将来的研究分野 認知言語学理論に基づく言語表現の歴史的変化に対する分析
担当の授業科目 ことばとは、英語コミュニケ-ションスキルズ、英語リーディング

英語を歴史的にみるということ

英語を習いはじめた時、多くの人が、動詞の過去形・過去分詞形を覚えるのに苦労したのではないかと思います。世間一般には、これらの暗記が、いわゆる「英語嫌い」の人を生み出す製造工程のように捉えられてしまっているかもしれません。実際、私を含めて、「動詞の過去形・過去分詞形なんてすべて-(e)d形だけなら簡単でよかったのに」と感じた人は多いと思います。英語動詞の複雑な活用へのこのような不満を少しでも和らげようと、英語の歴史をご存じの先生の中には、次のようなエピソードを披露される方がいらっしゃるかもしれません。「大昔の英語の動詞はもっと複雑な活用をしていたのですよ。だから、今の英語のほうがよっぽど簡単でいいですよ。

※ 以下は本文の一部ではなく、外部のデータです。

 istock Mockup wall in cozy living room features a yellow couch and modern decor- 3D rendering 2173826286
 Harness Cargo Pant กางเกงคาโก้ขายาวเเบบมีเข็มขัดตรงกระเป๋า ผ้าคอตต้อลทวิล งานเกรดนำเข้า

」

歴史の事実としては確かにその通りです。しかしながら、このエピソードを披露しただけでは、まさに今私たちが抱えている疑問に正面から答えたことにはなりません。それでは、動詞に規則変化をするものと不規則変化をするものがあるという英語の今の姿は、私たちに何を語りかけているのでしょうか。そして、英語の歴史に関する知識は、今の英語を学ぶ際に、どのようにして役立てることができるのでしょうか。

学校の教科書で不規則動詞に分類されている動詞群をあらためて眺めてみると、これらはすべて、中学の教科書に出てくる基本的な動詞ばかりです。高校の教科書に新しく登場し、大学受験などで意味を覚えるのに苦労した経験のある単語は、そのほとんどが規則変化動詞です。中学の教科書に出てくる表現は、専門的な英文を読みこなすことではなく、日常英会話に役立たせることを目的に選ばれていますから、不規則変化をする基本的な動詞は、日常会話で頻繁に用いられるということになります。そして、このような現象を英語の歴史の観点からみてみると、「日常生活の中で極めて頻繁に見聞きする表現の多くは、昔ながらの形をそのまま残している」という原則のようなものがあることがわかります(毎日のように耳にする表現が親から子へ、子から孫へとそのままの形で引き継がれていくというとイメージしやすいかもしれません)。このような原則の存在を裏付ける証拠の1つとして、英語には、burnt/burnedのように、過去形を2種類持っている動詞の使用頻度を挙げることができます。このような2種類の過去形を持っている動詞は、その使用頻度が比較的低いものに限られ、たとえば使用頻度が高いkeptには*keepedのような形はありません(*印は、英語としておかしいということを表しています)。この原則は、英語に限ったことではなく、他の言語にもあてはまります。たとえば日本語でも、私たちは筆を入れていることがほとんどないのに「筆箱」と言いますし、粉を使っている人がほとんどいないのに「歯磨き粉」と言います。日本人の大半が「筆箱」を「ペンケース」に、「歯磨き粉」を「歯磨きぺースト」に言い換えるような状況には、当面はならないような気がします。

私たちのような英語を母語としない学習者はもちろんのこと、英語の母国語話者であっても、必ずしも英語の歴史を知っているわけではありません。しかしながら、私たちがふだん見聞きし学んでいる英語や日本語は、その長い歴史の旅を経て、私たちが生きる現代に流れ着いたものです。そして、個々の表現それ自体に、それぞれがたどってきた歴史が刻まれています。英語や日本語に限らず、歴史を学ぶことの楽しさは、「昔」が「今」とつながっていること、そして、「昔の姿」を知ることによって、「今の姿」をより深く理解できることにあるのではないでしょうか。